The game-tying shot came first. But on the next offensive possession, 90 seconds left on the clock, Self turned to one of his longtime staples and dialed up a touch in the post for 7-footer Hunter Dickinson.
In its ideal form, the play allows Dickinson to seal a defender in the middle of the floor and receive the entry. He shouldn’t even need to make a move after the catch to find the bucket — the pass does the heavy lifting.
Thing is, though, UNC figured it was coming, because KU runs that sort of action a lot. So the Tar Heels put 6-10 Jalen Washington on Dickinson as guard Seth Trimble pressured the entry pass from Mayo. If there was a lane for the pass, it literally could not have been visible to him.
He threw it anyway — so perfectly, in fact, that Self returned to him one possession later to offer another entry pass to Dickinson. He got a bucket on the first, a free throw on the second.
Ballgame, KU.
“They did a really good job of crowding him,” Self said of the defense. “Somehow he got the ball over to (Dickinson).”’
He played on instincts and reactions.
Forget the pause for thinking.
They were grown-up last-minute moments for a guy playing in his second game for the school he grew up watching.
Mayo graduated from Lawrence High School. His first game at Allen Fieldhouse came Monday. He scored 19 in a blowout against Howard.
His encore was even better — from the jump. KU scored 53 points before halftime, and Mayo squeezed eight of them into a three-minute stretch in the first half. Even the heat check fell.
The legs failed his shooting form late, a sign of exhaustion, and that’s a product of UNC running KU up and down the floor. The Jayhawks won’t play another team quite like that.
But KU didn’t have a player anything like Mayo a year ago. Self knew it. He spent the spring operating as a general manager, in search of two things: shooting and bench scoring.
He found both in one player from down the block.
At one point Friday, former KU sharp-shooting guard Devonte’ Graham, sitting in the crowd, gathered the attention of current point guard Dajuan Harris.
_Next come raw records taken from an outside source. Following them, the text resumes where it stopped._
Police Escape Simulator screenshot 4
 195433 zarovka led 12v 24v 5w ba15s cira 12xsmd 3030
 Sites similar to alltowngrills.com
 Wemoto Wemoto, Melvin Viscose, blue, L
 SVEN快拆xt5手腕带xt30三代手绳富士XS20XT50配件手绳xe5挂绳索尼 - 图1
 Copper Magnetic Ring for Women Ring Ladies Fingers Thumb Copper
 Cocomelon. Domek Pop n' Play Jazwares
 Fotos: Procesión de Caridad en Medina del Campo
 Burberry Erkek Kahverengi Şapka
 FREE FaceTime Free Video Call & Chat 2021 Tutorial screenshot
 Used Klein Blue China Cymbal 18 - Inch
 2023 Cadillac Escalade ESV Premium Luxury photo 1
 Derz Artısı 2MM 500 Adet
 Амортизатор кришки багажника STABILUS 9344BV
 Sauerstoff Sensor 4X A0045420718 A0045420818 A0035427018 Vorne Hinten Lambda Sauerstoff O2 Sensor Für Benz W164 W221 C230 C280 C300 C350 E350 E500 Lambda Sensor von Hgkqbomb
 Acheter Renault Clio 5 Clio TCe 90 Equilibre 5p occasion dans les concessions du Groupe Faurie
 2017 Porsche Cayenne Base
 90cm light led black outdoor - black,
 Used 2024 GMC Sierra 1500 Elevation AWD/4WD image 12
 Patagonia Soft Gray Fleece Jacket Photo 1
“Tell Zeke to keep shooting,” Graham said, as Harris recalled.
That message came from behind the bench.
Mayo came directly from it.
Who knows what role Mayo will play in January, February or March — we’re all of two games into this season, after all, and he doesn’t look like a player destined to spend much time sitting.
But that he filled this role in a top-10 matchup is noteworthy for a team that had no one capable of filling it a year ago.
KU generated just 11.8 points per game from its bench last season. That ranked 349th of 362 Division I men’s college basketball teams. Mayo had 21 himself Friday.
At one point in the first half, Self left Adams as the lone starter on the floor. Mayo took charge then, same as he did late — with the starters back.
“We don’t have a chance to win without him,” Self said.
That they have him now is a bit of kismet.
Mayo attended high school just one mile from Allen Fieldhouse, but he needed to travel to South Dakota to find the Jayhawks. He spent three seasons at South Dakota State, scoring 18-plus per game in the final two before entering the transfer portal in March.
His season was done. A frustrating season for KU was already done too.
“This,” he said after the game Friday, “is what I came here for.”
You could re-phrase that, because the inverse is perhaps even more accurate: This is why they brought him here.